Algérie - Alger

Le village où a été rédigée la déclaration du 1er novembre Ighil Imoula, la nuit qui a changé le cours de l’Histoire



Publié le 31.10.2024 dans le Quotidien l’Expression
Il donnera naissance à d’autres hommes et femmes qui ont bravé le colonialisme.

Ce village, baigné quotidiennement par la brume descendant des cimes glacées du Djurdjura, a toujours été un haut lieu des révolutions.

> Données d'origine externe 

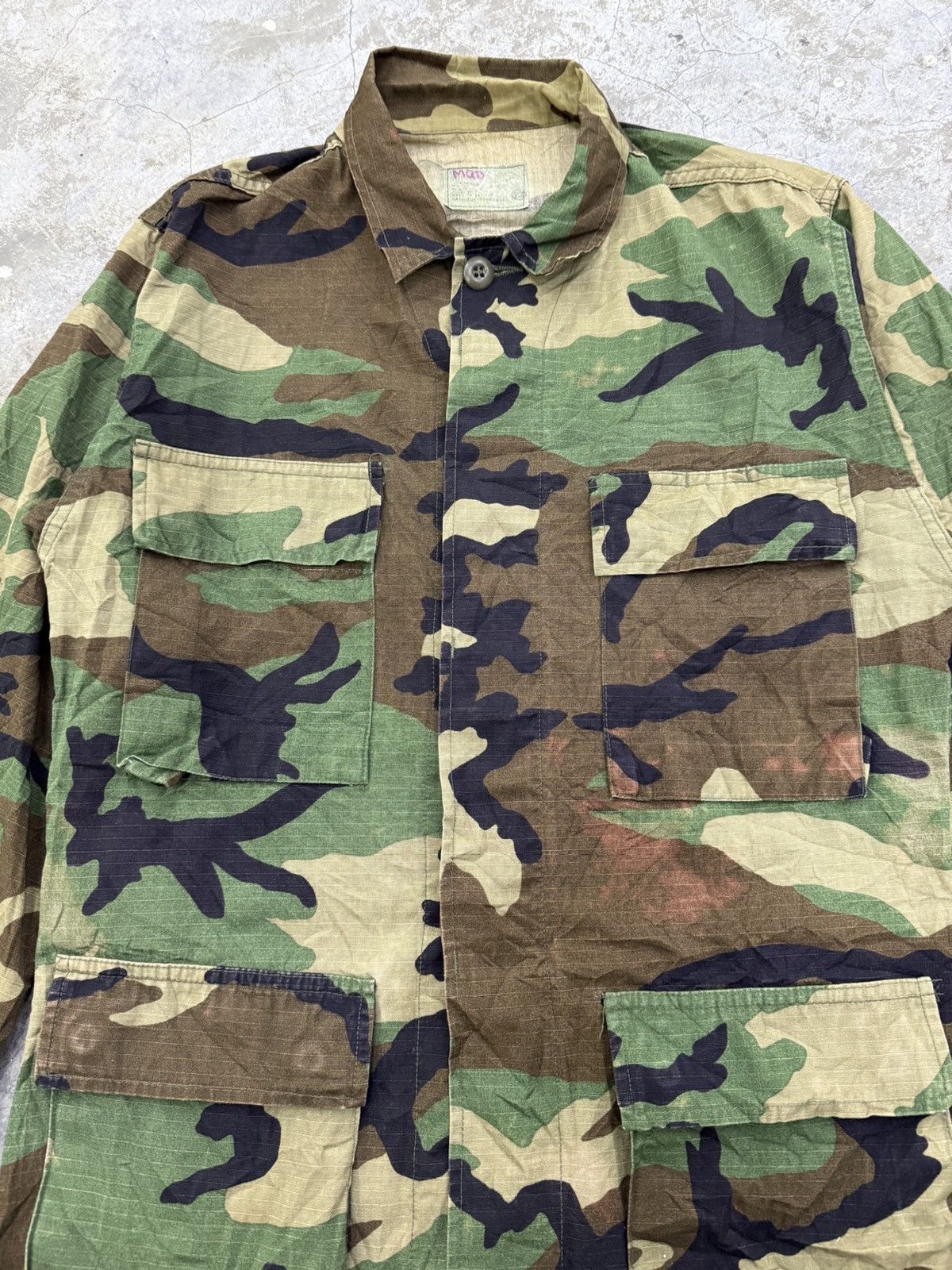 Vintage Vintage Us Army Woodlands Camouflage Jacket Size US S / EU 44-46 / 1 - 3 Thumbnail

Ighil Imoula, situé à Tizi N‘Tleta, à Ouadhias, a été le poste de commandement (P.C.) de Boubaghla, durant les années 1800, lors du soulèvement de Cheikh Aheddad. Ses enfants ont toujours été à l’avant-garde des révoltes contre les envahisseurs. À Ighil Imoula, on garde encore les noms de vaillants chefs tombés lors de l’insurrection de 1871 dont Cheikh Abdellaoui était l’un des lieutenants du Cheikh. Bon nombre de ses enfants seront déportés en Nouvelle- Calédonie.

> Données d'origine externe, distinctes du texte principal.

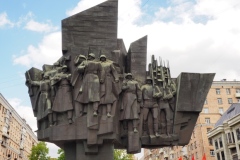 Monument to the militia in the Proletarsky district - Moscow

Doués pour les défis, certains ont pu revenir des bagnes de l’autre bout du monde. Ighil Imoula se souvient encore de l’histoire de Hadj Ali Mohand Arezki qui a pu traverser mers et océans pour revenir après 26 ans passés en Nouvelle-Calédonie. Contre les injustices flagrantes, cette région a donné naissance à Hend Oumerri, le bandit d’honneur qui donnait froid dans le dos à l’armée coloniale durant plusieurs décennies. Les années passèrent, Ighil Imoula enfantera d’autres hommes et femmes qui ont bravé le colonialisme. Bien plus, c’est dans ce village, surveillé étroitement par les vigiles de l’armée coloniale, que fut rédigée et tirée à la ronéo, la déclaration du 1er Novembre, qui donnera naissance à une révolution armée laquelle va changer le cours de l’histoire non seulement de l’Algérie, mais du monde entier dont l’Afrique, l’Amérique latine et l’Asie. La Déclaration du 1er Novembre a été écrite dans une maison située au 1er étage d’un immeuble abritant un café maure à son rez-de-chaussée. Pour tromper la vigilance de l’armée française, des villageois se sont proposé d’organiser une tombola nocturne et de jouer aux dominos, en discutant et en frappant les dominos sur les tables. Le bruit, racontent les vieux d’Ighil Imoula qui s’en souviennent encore, servait à camoufler aux oreilles des vigiles français, le son de la Ronéo. Les villageois se souviennent encore des deux maisons qui ont servi, cette nuit-là, à la rédaction et au tirage du document historique. La maison dont le 1er étage, ou plus précisément à « Taghourfets » du café, avait servi à la rédaction, appartenait à Omar Benramdani. Une fois la déclaration rédigée, le document change discrètement de maison pour aller à celle des frères Idir Rabah et Ahcène où elle sera ronéotypée. Il faut reconnaître que réussir le pari de rédiger une déclaration qui allait être le détonateur d’une guerre de Libération nationale était un vrai défi dans un village entouré de trois casernes de l’armée coloniale, dont l’une était juste à quelques mètres de la maison, à Thaâssast, place située sur les hauteurs du village.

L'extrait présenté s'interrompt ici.